Saturday-It is Cinco de Mayo back home, but for us it is Vatican Day. (I apologize ahead fo time for all the pictures, but it is the Vatican! The Catholic mothership and the entity that kept ancient art alive and powered the Renaissance)
We took the Metro to the Ottavia stop for the Vatican Museum. We had an early morning appointment to see the works of the Vatican, ending with the Sistine Chapel. We were allowed to take pictures in most of the museum, but not in the Sistine Chapel. It seems the Japanese company that paid for the restoration of the ceiling of the chapel has copyrights to the now visible images and is trying to protect its investment. We had to use Mr. Bill to re-enact one o the most dramatic images of the Sistine Chapel. Michelangelo definitely did it better.
The images in the Vatican are breathtaking. Over the years the church accumulated much, including a substantial amount of Renaissance art. So all of the teachings we had had in our other tours of other churches were bearing fruit on this visit. We walked through almost all of the rooms except for Egypt and earlier. We spent some time in several chambers that Popes had used and had decorated by famous artists of their time. In one such room the church had a library containing all of the various language versions of the explanation of the Immaculat Conception of the Virgin Mary (a doctrine adopted by the church in the 1900s) and frescoes around it. Another room was done with frescoes by Raphael, including his famous School of Athens in which Raphael included Leonardo DaVinci, Michelangelo and others as figures in ancient Greece.
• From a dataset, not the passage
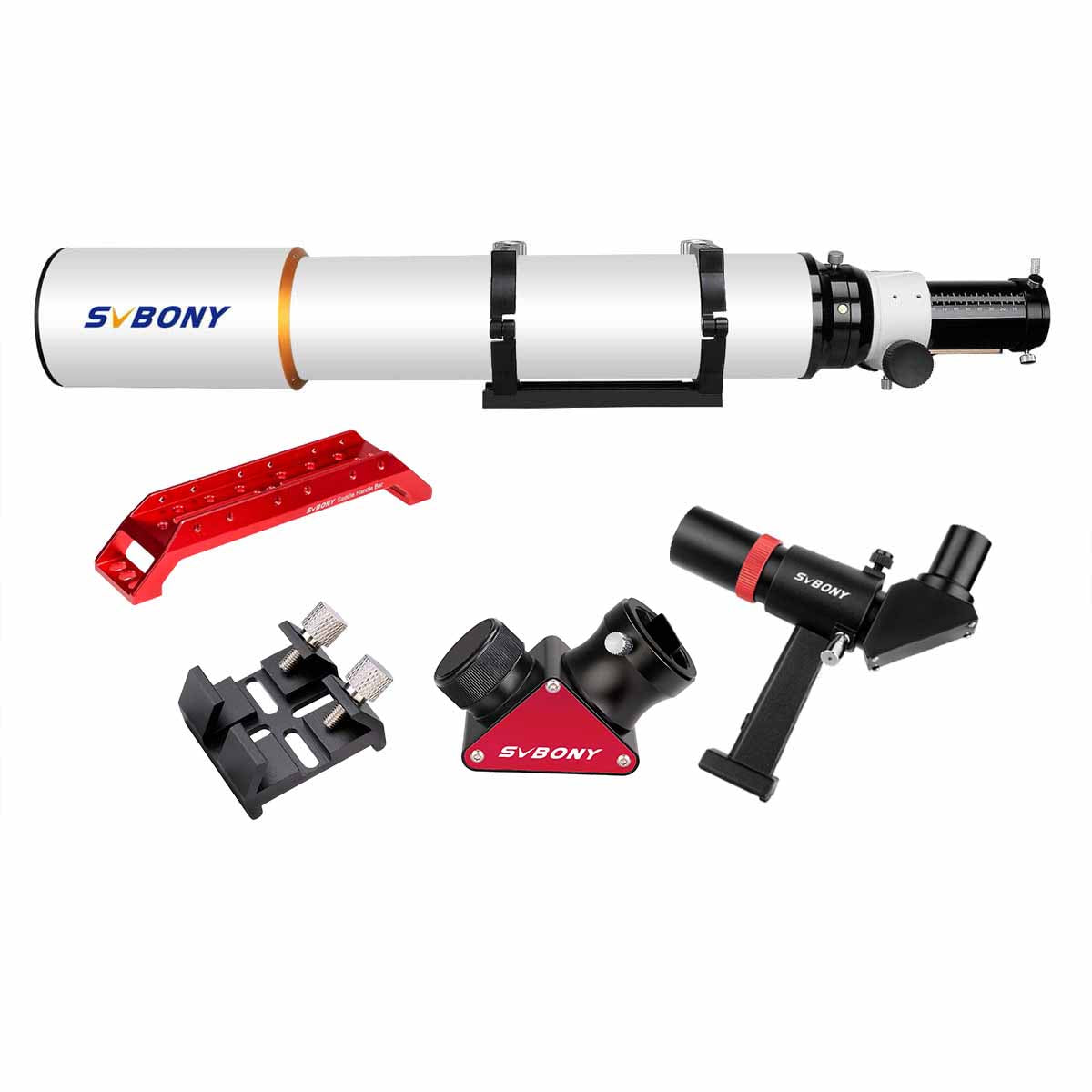 SV503 102 ED F7 Refractor Telescope Visual Set for Astronomy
We saw many long corridors with art and maps. One ceiling had painted figures that looked like sculptures they were so well done. before the Sistine Chapel there were whole rooms of famous art that had been given to the Popes as gifts by heads of state. I saw a Chagall and Dali as well as other artists I wasn't as familiar with.
The Sistine Chapel lived up to its hype. It as restored a few years ago and the colors are vibrant. Somehow i had thought it was one big dome, but instead it is a long curved ceiling with various panels, with the image of God creating Adam overhead right in the middle of the chapel.
When we finished with the Sistine Chapel, almost as an afterthought, we visited the Pinacoteca, which is a collection of other artists that have been collected by the Vatican. We saw Raphael's Transfiguration, Leonardo's unfinished St. Jerome, and Caravaggio's Deposition as well as works by Rubens and other artists.
When we finished our tour of the Museum, we walked around to Vatican square to look at the Egyptian obelisk that had once graced the Roman circus and witnessed games, persecutions, and the crucifixion of Christians and the first Pope, St. Peter. We saw where the Pope speaks to the masses. We saw the Swiss guards. There we were free for the rest of the day. Susan and I went into St. Peter’s Basilica and walked around this massive church. We have seen some churches, but this is the mothership. It is larger than and church we have been in. It housed a huge arch over the altar and a mosaic version of Bernini’s Transformation. It has Michelangelo’s Pieta, which depicts Mary cradling the dead Jesus just down from the cross. What I was surprised at was how nondescript the area was where, by tradition, St. Peter was crucified. It was in a corner, hard to get to, and unlighted. Perhaps that is the way St. Peter would have wanted it—nothing to take away from the focus on his Lord.
We finished touring, watched the changing of the Swiss Guards, and made our way out of the square. We found a place to eat lunch not far from the Vatican, then made our way back to the Metro.
This evening is our last evening as a group. As is traditional on a Rick Steve’s tour, our last evening we have a group meal. We met Donald at 6:45 pm to walk over to the bus station at the Termini, a train station not far from our hotel. We caught a bus that took us across town to an area near Campo d’Fiori, a large neighborhood near the river. From the bus stop we walked through some neighborhoods to a small square that had at least 3 restaurants in it. Ours is the DePancrazio. We descended into a grotto that had been there since the time of the Caesars. In fact, it was once part of the Temple of Pompeii, where the Senate was meeting on the day that Julius Caesar was assassinated. (The Senate Forum was undergoing repairs). We looked around for blood stains on the marble, but we couldn’t see any.
We had a wonderful common meal with good food and good wine. After a few pitchers of wine, we were joined by a singer with his guitar who entertained us with Italian love songs that we all recognized. A lot of us were singing along. With all these love songs in the air (and a couple of glasses of wine in my belly), I grabbed Susan and dipped her down for a big kiss. The crowd went wild, so on the next song we did it again. It was fun.
After dinner we took a walk into a little square where we saw a large villa with the lights on a room that had many frescoes in it. This was a building designed by Michelangelo, which also happens to house the French Embassy to Italy.
Then Donald walked us through the streets a little more until we came to a large Piazza called the Piazza Navona. This was one of the places that figured in the movie Angels and Demons. It was Saturday night, so this place was hopping. There were musicians playing guitars at various locations in the square with various degrees of skill, but we enjoyed all of them. We spent a few minutes walking around the square and the big fountain in the middle of it, then took the bus back home, said goodbye to everyone, and went to bed.